Back on September 11th 2001, terrorists flew two fully fueled planes into the World Trade Center. The result was catastrophic and forced people to jump to their death before eventually both buildings collapsed. I was there that day to experience it first hand. Other than proving that humans have a lot more evolving to do, the chaos it caused made a lot more people than usual use their cell phones. Because too many people were trying to make calls, the cellular towers in the area of the World Trade Center became saturated and a large portion of the voice calls could not be placed successfully.
On that day I had a RIM 857 (a BlackBerry). Back in 2001, BlackBerry (RIM) had no phones and operated on dedicated data networks. The two that RIM devices used were the Mobitex network run by Bell South in the United States (which was later absorbed into AT&T Wireless), and the DataTAC network run by Motient in the United States.
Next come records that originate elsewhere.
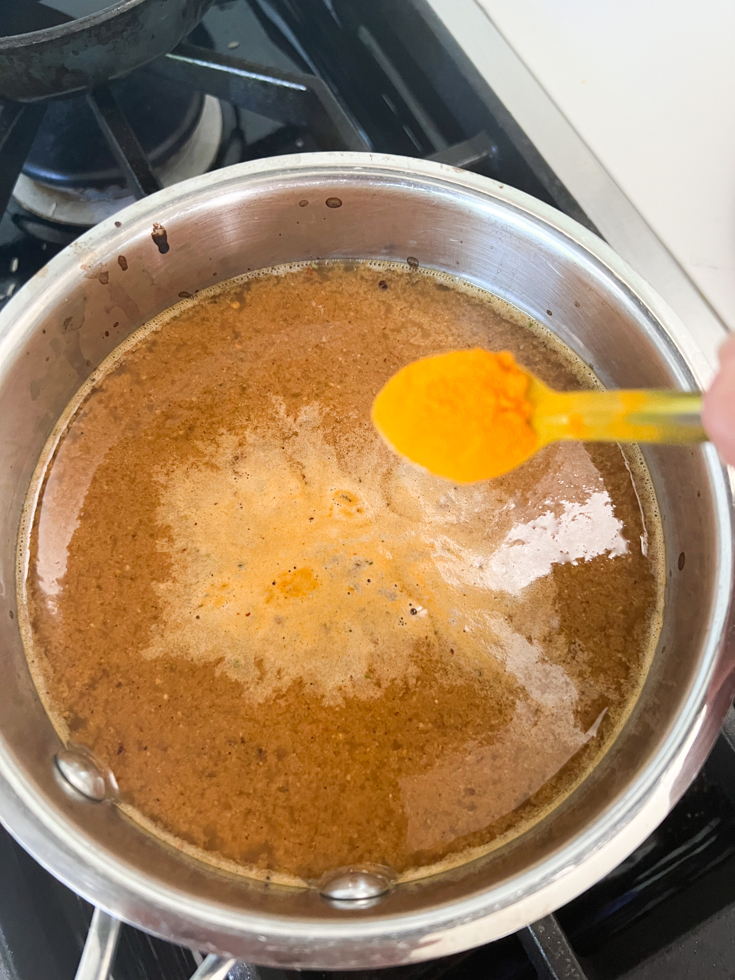 turmeric powder being added to the saucepan with tamarind water in it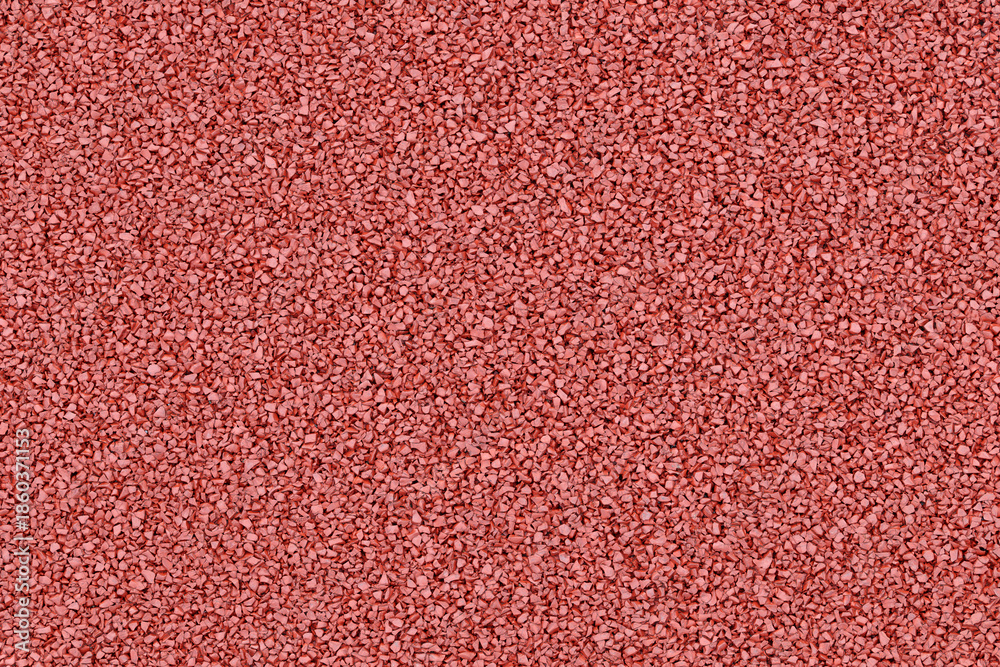 Fototapeta premium High resolution full frame texture of a red rubber granule surface typically used for sports tracks.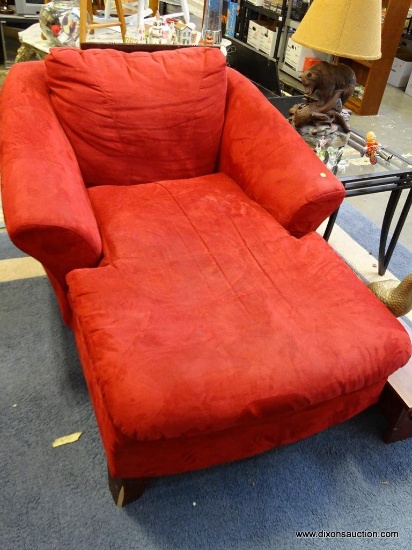 (ROW 1) RED SUEDE CHAISE LOUNGE. IS IN VERY GOOD USED CONDITION: 40"x60"x32". DELIVERY IS AVAILABLE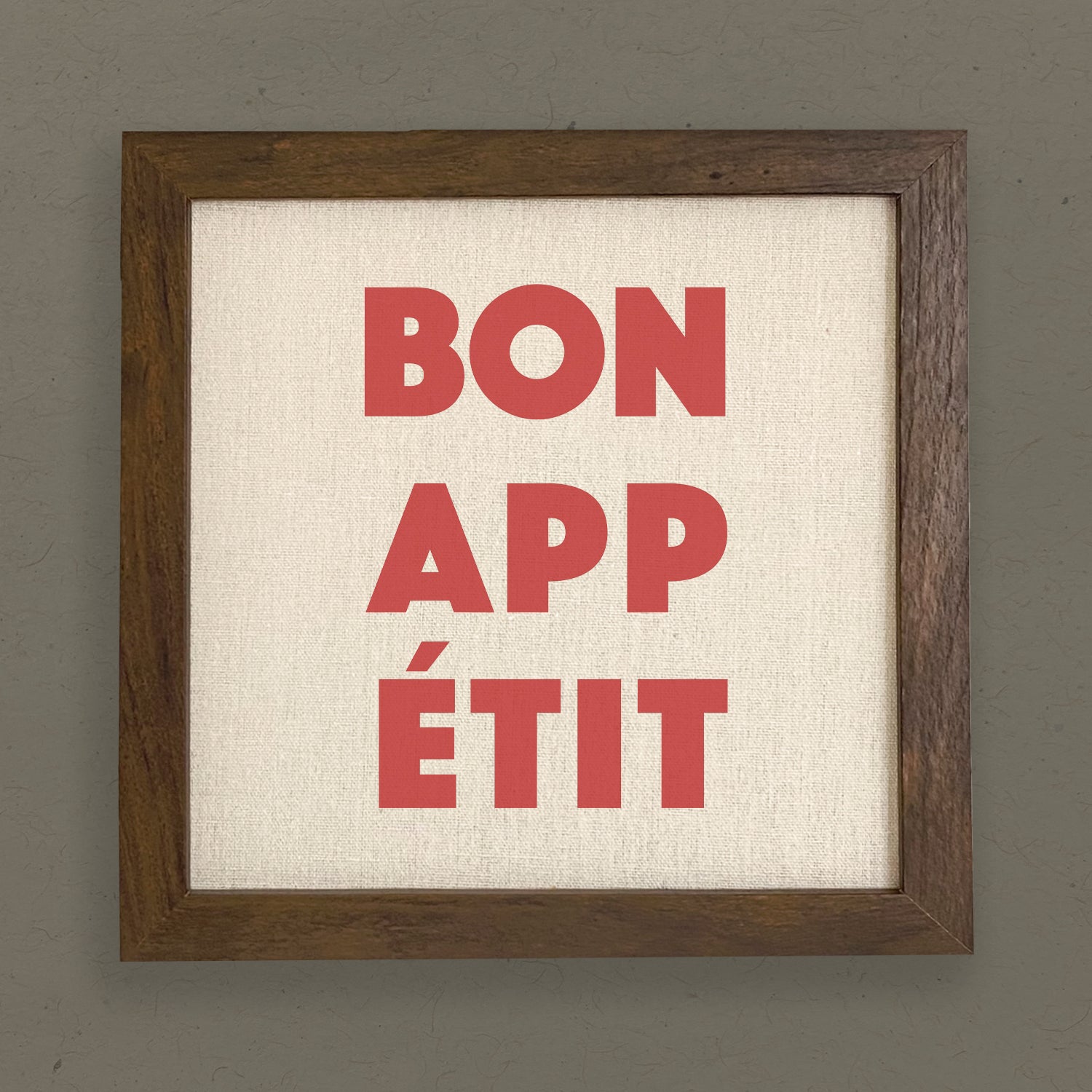 Bon Appetit framed sign with a stylized wood frame, featuring a linen-look background and eco-friendly ink printing.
These networks were available in a few other countries including Canada and Australia although the RIM devices were only used in the US and Canada.
Because my BlackBerry operated on a completely isolated network, I was freely able to send and receive emails, while the cellular networks were completed jammed with voice calls. (In a related note, if you want to read my account - which is essentially the thread of emails I was sending and receiving on my BlackBerry in real-time that day - click here. Its kind of chilling to re-read it). Actually there were 2 reasons. The first was because of a separated network, but because the BlackBerry has always used a store and forward approach to data, even if there was congestion on that network, it would have simply kept retrying until that packet of data was sent. So on that day I was able to communicate with work colleagues, friends, and family, while others using regular cell phones were not.
The very next year, the first GSM BlackBerrys started shipping, the 5810 and 5820. Both had a phone, and sent data using the GSM cellular network, making use of a technology called GPRS (General Packet Radio Service). Many people worried that the huge benefit of using their BlackBerrys on 9/11 would be lost as the data part of BlackBerry moved to the same cellular network that carries voice calls. But as it turns out, it wasn't. Here is why.
Why does the data get through?
We recently saw that after the earthquake in Haiti, people were using BlackBerry Messenger to communicate, while others trying to make regular cell phone calls, could not get connected. Why would that be? Surely if a cell tower is not able to allow more calls, how can data get through? The answer lies in the way in which the cells handle voice and data.
Because radio spectrum is limited, cellular carriers had to come up with a way to share the smallest amount of radio spectrum with the largest number of simultaneous connections. There are 2 main ways to achieve this (there are others but these are just the most widely used).
Code Division Multiple Access (CDMA) takes a spectrum of bandwidth, and uses unique codes to identify each phone that connects. This means that all phones use the same frequency range (or bandwidth) at the same time, while the code they use when transmitting allows them to be distinguished (think all the people in a room talking at once, but in different languages).
Time Division Multiple Access (TDMA) is a method of sharing a spectrum of bandwidth by breaking it up into time slots. When a phone connects it is given a time slot. In a round robin fashion, each phone is then given a time to send a burst of data in its time slot (think all the people in a room taking turns to speak).
GSM, which is used by 75% of the world, uses TDMA mixed with another technology called FDMA (Frequency Division Multiple Access), while carriers like Verizon and Sprint in the US use CDMA. No matter what technology is used, the bandwidth is shared somehow.
When you make a voice call, your voice is converted to data. When your phone connects to a cell tower for a voice call, your phone needs to send data at a speed of around 13kbps for the outgoing audio, and receive data at that same speed for the incoming audio. This causes it (in the case of GSM) to take 2 time slots for the duration of the call. If the cell tower runs out of time slots, your call will not go through.
Regular data traffic however is different. This includes email, BlackBerry Messenger, web browsing, etc. The phone and cell tower handle data as the Internet does. It breaks it up into packets. When your phone needs to send an email, firstly the BlackBerry compresses it to half its size (so for example a 2K email [which by the way is a pretty long email] ends up at 1K before it is sent), but your phone then only needs 1 time slot for a very short period of time to actually send the email.
Imagine that a voice call is a constant 13kbps on 2 time slots. Your data is tiny in comparison, and takes only 1 time slot for the briefest of time. BlackBerry Messenger is even less data.
So in a large congested area, where many people are taking up time slots for extended periods of time, your BlackBerry is able to quickly zap out that data in between people hanging up and making the next call, or using leftover time slots. It is still possible to have absolutely no time slots available if there are many voice calls and many data devices using a cell tower and that's where the second feature comes into play, the store and forward.
Even if time slots are hard to come by, your BlackBerry will keep retrying to send that data. Eventually it will get it out, even if it takes so long that you get the red X and have to do a resend.
So the moral of the story is, if you find yourself in an emergency situation, try and use data (email, BBM, PIN), instead of a voice call to communicate. Not only will it allow you to communicate, but it will allow more people to communicate at once.